Reputation: 7303
So what I am trying to do is difficult for me to articulate but very straightforward, and I can easily show you. The title is my best guess at the verbage, edits appeciated.
set.seed(1)
theta=matrix(rnorm(6,0,1),2,3)
M = c( 0 , 0 , 0 , 0, 1 ,
1, 0 , 0 , 0 , 1,
2 , 0 , 0 , 0, 2,
0 , 1 , 0 , 0 ,2,
1 , 1 , 0 , 0, 3,
0 , 2 , 0 , 0, 3)
M = matrix(M, nrow = 6,ncol= 5,byrow=T)
theta
[,1] [,2] [,3]
[1,] 0.4418121 1.962053 2.236691
[2,] 1.0931398 1.273616 1.050373
M
prod11 prod12 prod21 prod22 d
1 0 0 0 0 1
2 1 0 0 0 1
3 2 0 0 0 2
4 0 1 0 0 2
5 1 1 0 0 3
7 0 2 0 0 3
OUTPUT DESIRED
prod11 prod12 prod21 prod22 d theta1 theta2
1 0 0 0 0 1 0.4418121 1.0931398
2 1 0 0 0 1 0.4418121 1.0931398
3 2 0 0 0 2 1.962053 1.273616
4 0 1 0 0 2 1.962053 1.273616
5 1 1 0 0 3 2.236691 1.050373
7 0 2 0 0 3 2.236691 1.050373
Upvotes: 2
Views: 136
Reputation: 23788
We can use merge()
:
theta <- t(theta) #transpose matrix
theta <- cbind(theta,seq(1:nrow(theta))) # add column "d" with row numbers
colnames(theta) <- c("theta1","theta2","d")
merge(M,theta)
# d prod11 prod12 prod21 prod22 theta1 theta2
#1 1 0 0 0 0 0.4418121 1.093140
#2 1 1 0 0 0 0.4418121 1.093140
#3 2 2 0 0 0 1.9620530 1.273616
#4 2 0 1 0 0 1.9620530 1.273616
#5 3 1 1 0 0 2.2366910 1.050370
#6 3 0 2 0 0 2.2366910 1.050370
data
M <- c(0 , 0 , 0 , 0 , 1,
1 , 0 , 0 , 0 , 1,
2 , 0 , 0 , 0 , 2,
0 , 1 , 0 , 0 , 2,
1 , 1 , 0 , 0 , 3,
0 , 2 , 0 , 0 , 3)
M <- as.data.frame(matrix(M, nrow = 6,ncol= 5,byrow=TRUE))

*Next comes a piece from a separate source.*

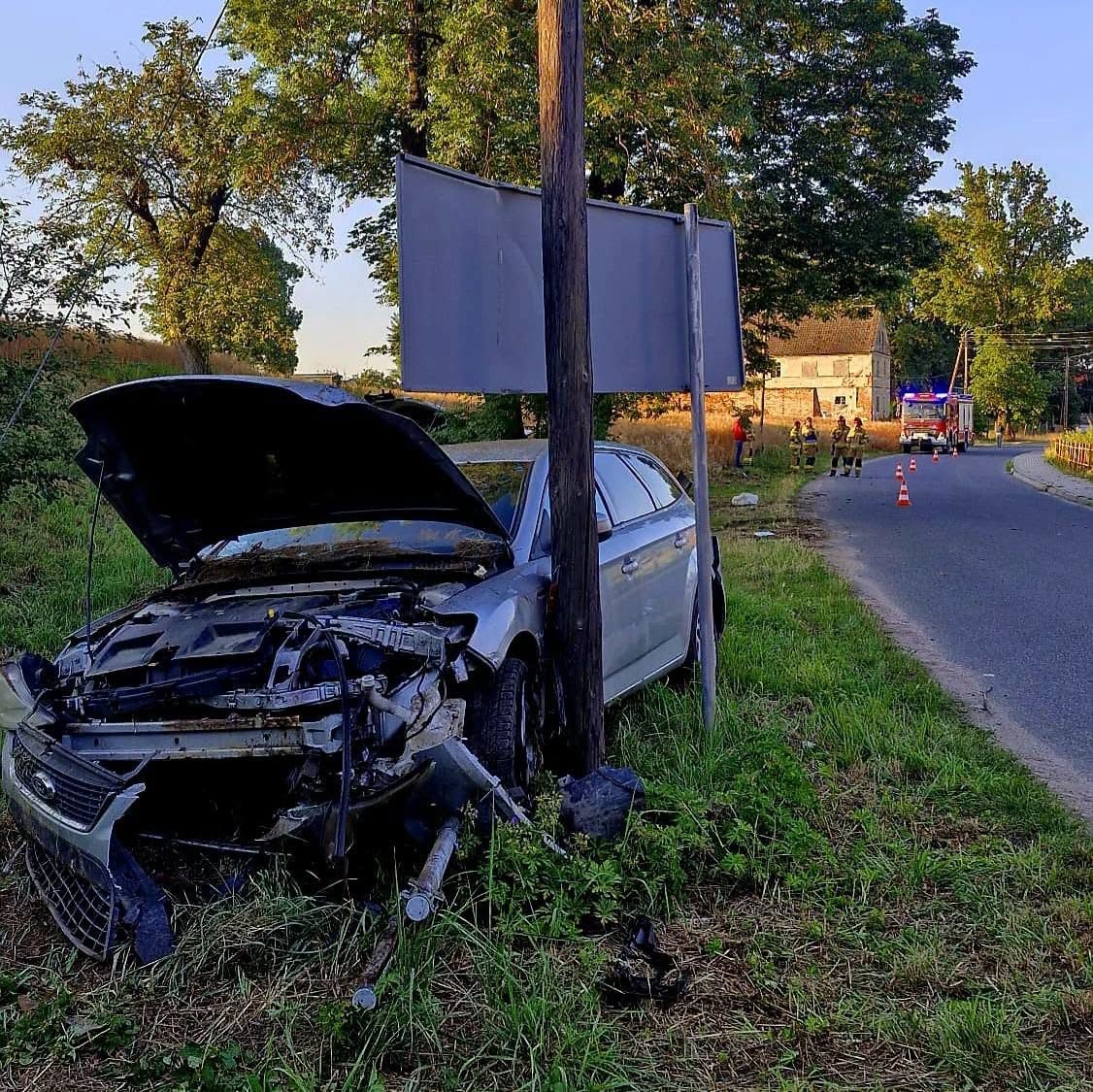 Seat Leon uderzył w drzewo po zderzeniu z Fordem - Wypadki i Kolizje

colnames(M) <- c( "prod11","prod12","prod21","prod22", "d")
theta <-matrix(c(0.4418121, 1.962053, 2.236691,1.0931398, 1.273616, 1.05037), byrow=TRUE, nrow=2)
Upvotes: 1
Reputation: 28441
With base R
:
mat1 <- cbind(M, apply(theta, 1, function(x) x[M[, "d"]]))
colnames(mat1) <- c(colnames(M), paste0("theta", 1:nrow(theta)))

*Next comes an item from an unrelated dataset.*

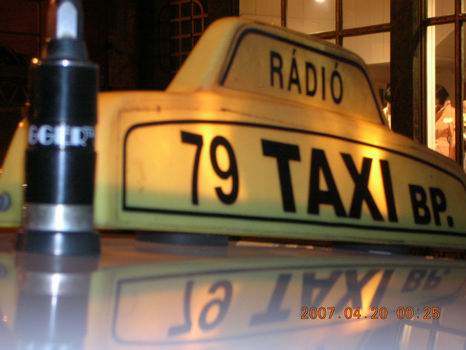 Taxistámadás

# prod11 prod12 prod21 prod22 d theta1 theta2
# [1,] 0 0 0 0 1 -0.893800723 -0.3073283
# [2,] 1 0 0 0 1 -0.893800723 -0.3073283
# [3,] 2 0 0 0 2 -0.004822422 0.9881641
# [4,] 0 1 0 0 2 -0.004822422 0.9881641
# [5,] 1 1 0 0 3 0.839750360 0.7053418
# [6,] 0 2 0 0 3 0.839750360 0.7053418
The core of the function is x[M[, "d"]]
. As in Micheal's answer, we can subset one matrix by a vector in another. The vector is column "d" of M, M[, "d"]
. If that column had a more randomized code we would set up a more robust lookup. But since it matches the column numbers of theta, we can use it directly.
I wrapped it with apply
as it works well with matrices. The second argument 1
indicates that the function should be carried out row-wise ( equivalent to theta[1, ]
and theta[2, ]
and so on. If I chose 2
, x would be equivalent to theta[ ,1]
and so on.
To match the column names to the desired output we use colnames
(a possible pitfall is to attempt names()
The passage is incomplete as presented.